## WHAT THIS TASK INVOLVES
Provide an exact copy of the data, excluding the images.

## PROVIDED INFORMATION
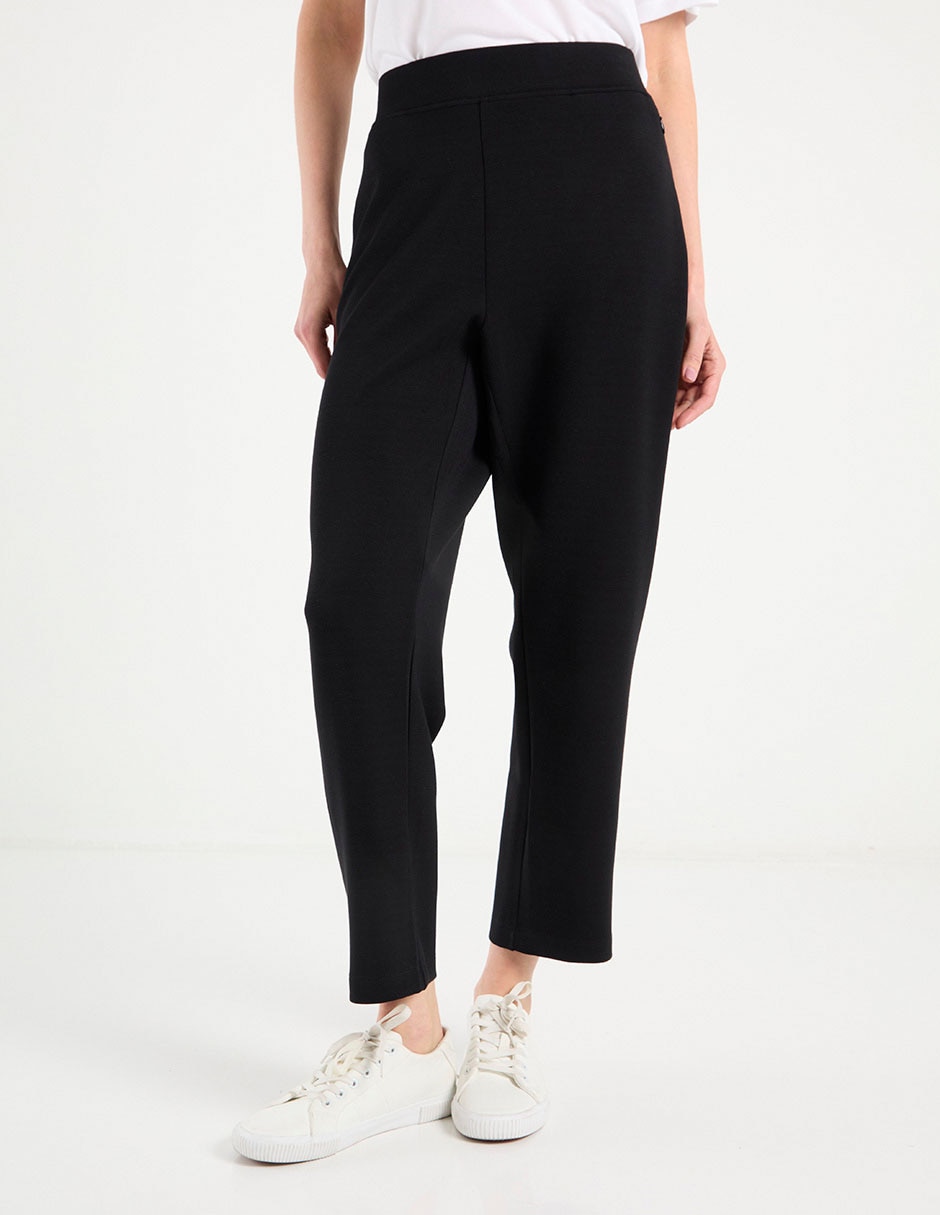 Pants straight con elástico para mujer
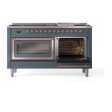 Ilve UN60FNMPBGP Ilve Un60Fnmpbgp Nostalgie Ii Noblesse 60  Dual Fuel Range (9 Sealed Burners + Griddle, Natural Gas, Triple Glass Door, Blue Grey, Copper) Discount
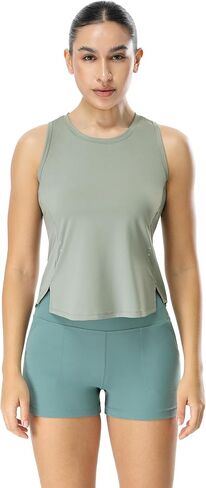 icyzone High Neck Workout Tank Tops for Women, Quick Dry Gym Athletic Yoga Exercise Running Sports Shirts in Kuwait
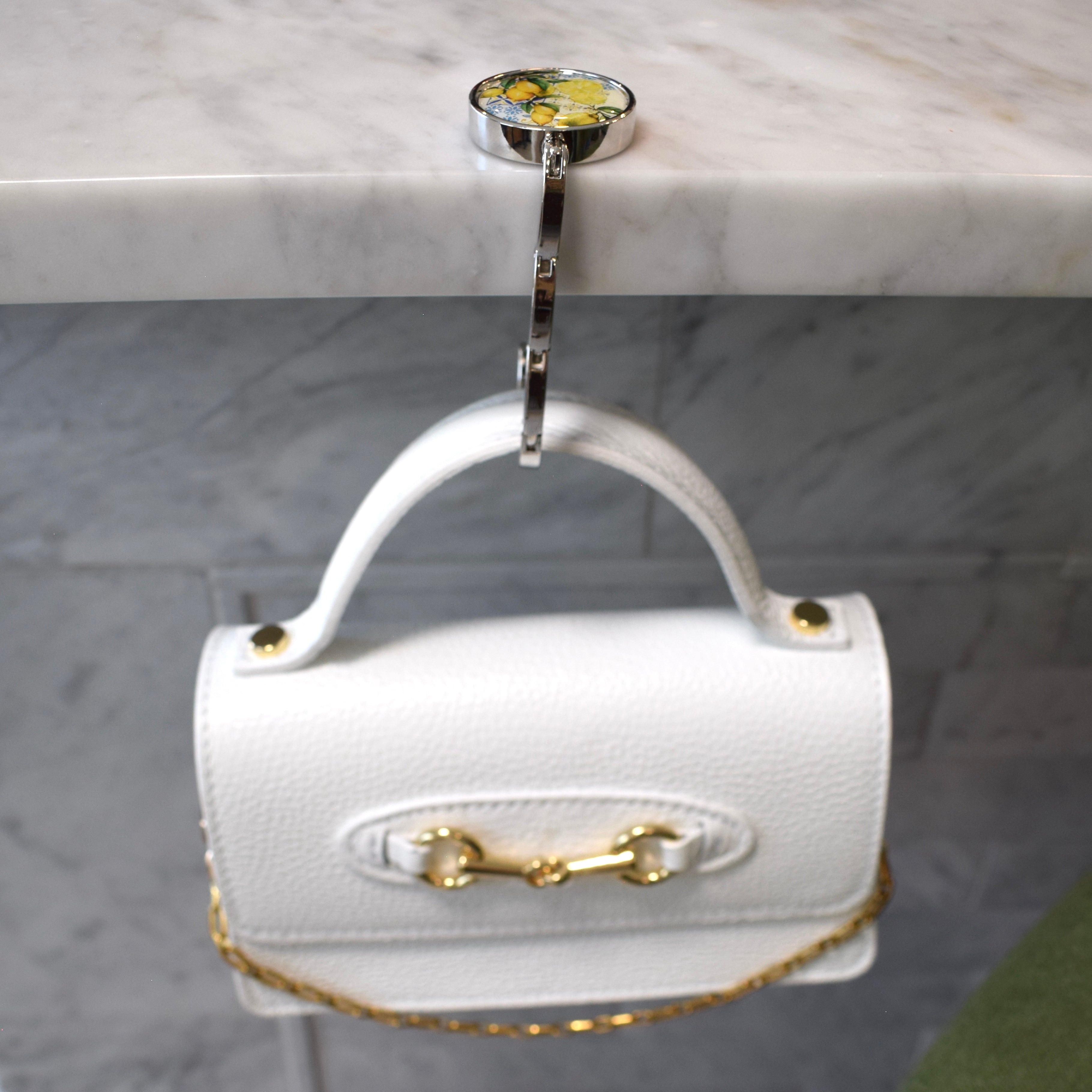 Foldable Lemon Maiolica Purse Hook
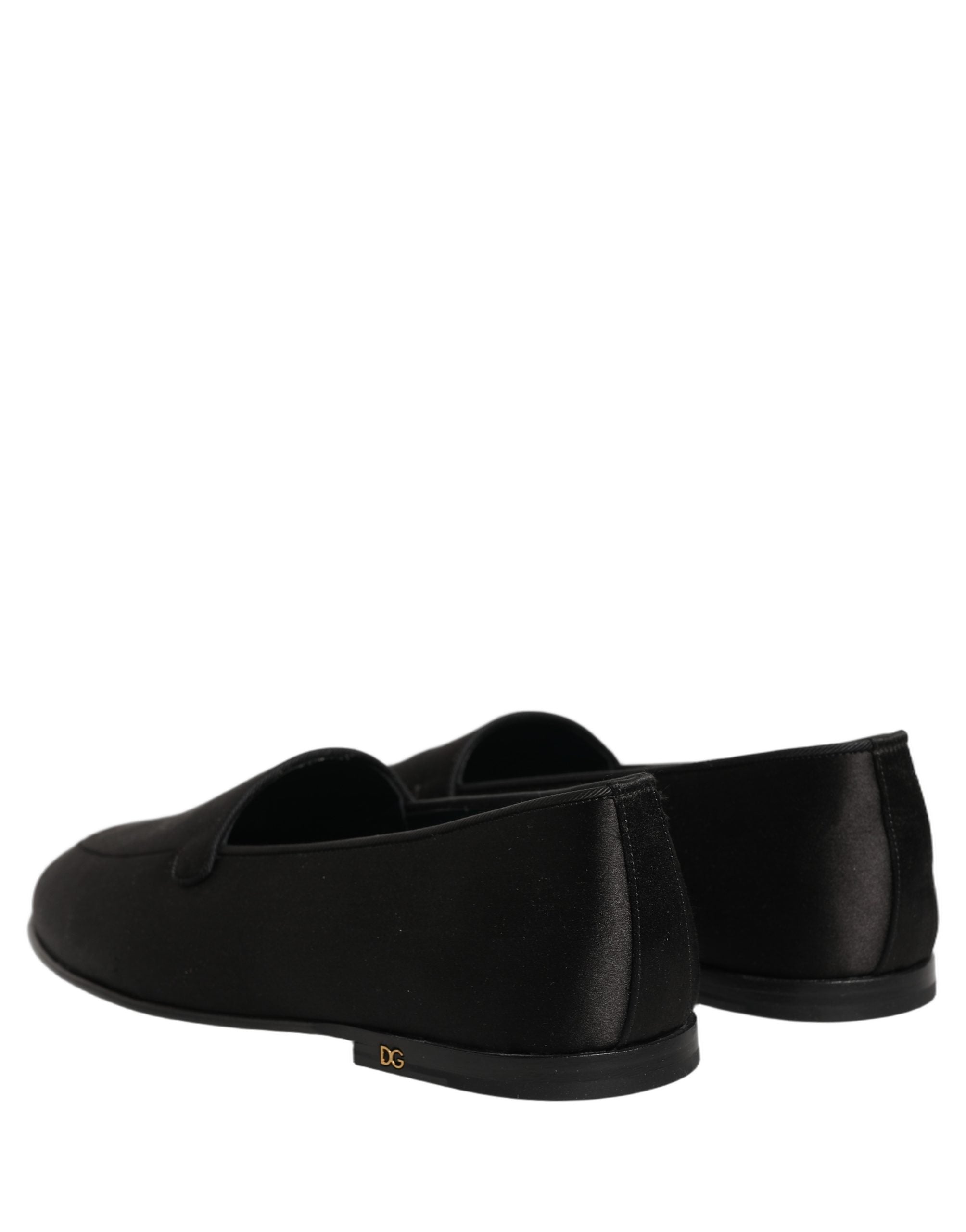 Chaussures Dolce & Gabbana mocassins en satin noir avec logo, chaussures plates slip-on élégantes pour femmes.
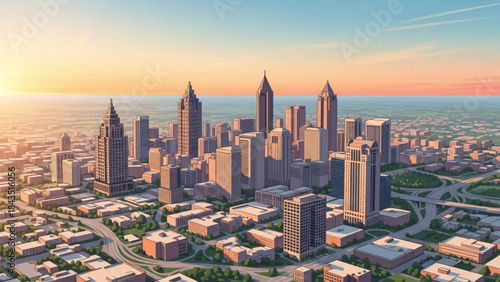 Modern city skyline at sunset urban landscape with skyscrapers and highways aerial view for business and travel concepts
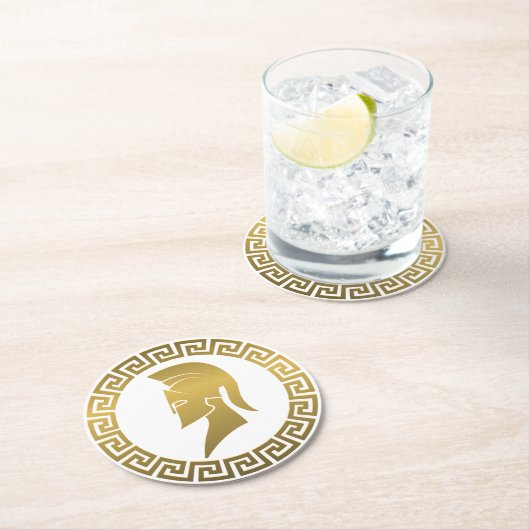 Gouden Spartaanse Helm met Griekse Sleutelgrens Ronde Kartonnen Onderzetter (Insitu)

## ANSWER FOR THE TASK
 Pants straight con elástico para mujer
 Ilve UN60FNMPBGP Ilve Un60Fnmpbgp Nostalgie Ii Noblesse 60  Dual Fuel Range (9 Sealed Burners + Griddle, Natural Gas, Triple Glass Door, Blue Grey, Copper) Discount
 icyzone High Neck Workout Tank Tops for Women, Quick Dry Gym Athletic Yoga Exercise Running Sports Shirts in Kuwait
 Foldable Lemon Maiolica Purse Hook
 Chaussures Dolce & Gabbana mocassins en satin noir avec logo, chaussures plates slip-on élégantes pour femmes.
 Modern city skyline at sunset urban landscape with skyscrapers and highways aerial view for business and travel concepts
 Gouden Spartaanse Helm met Griekse Sleutelgrens Ronde Kartonnen Onderzetter (Insitu)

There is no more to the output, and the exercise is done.